2. The control method of the metal hydride hydrogen storage system equipped with a composite heat exchanger according to claim 1, characterized in that: In step S3, in the metal hydride hydrogen storage model, a spiral tube heat exchanger is added inside the metal hydride storage tank, and a phase change material heat exchanger is added outside the metal hydride storage tank.
3. The control method of the metal hydride hydrogen storage system equipped with a composite heat exchanger according to claim 1, characterized in that: In step S5, the data set is divided into a training set, a test set, and a validation set, and the training set, the test set, and the validation set are classified in a ratio of 0.70:0.15:0.
15.
4. The control method of the metal hydride hydrogen storage system equipped with a composite heat exchanger according to claim 3, characterized in that: The training set is a data set used to train the parameters within the model; the validation set is used to check the state and convergence of the model during the training process; and the test set is used to evaluate the generalization ability of the model.

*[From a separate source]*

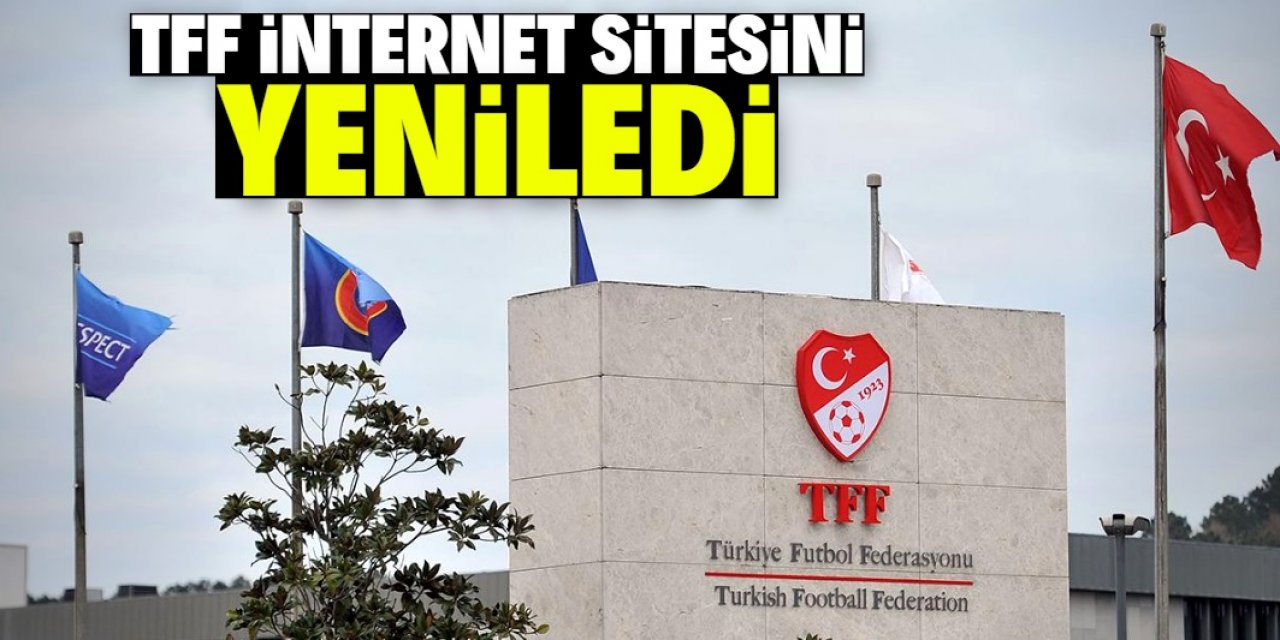 Türkiye Futbol Federasyonu'nun resmi internet sitesi yenilendi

5. The control method of the metal hydride hydrogen storage system equipped with a composite heat exchanger according to claim 1, characterized in that: In step S5, the BP neural network is divided into: an input layer, a hidden layer, and an output layer; the number of hidden layers is 3.
6. The control method of the metal hydride hydrogen storage system equipped with a composite heat exchanger according to claim 1, characterized in that: The hydrogen quantity prediction system includes a controller based on BP neural network.
7. The control method of the metal hydride hydrogen storage system equipped with a composite heat exchanger according to claim 1, characterized in that: The metal foam is nickel metal with high air permeability, high specific surface area and capillary force; the phase change material is commercial paraffin RT35; a coolant is provided in the tubular heat exchanger, and the coolant is water; the metal fins are metal sheets with smooth surfaces and large specific surface area.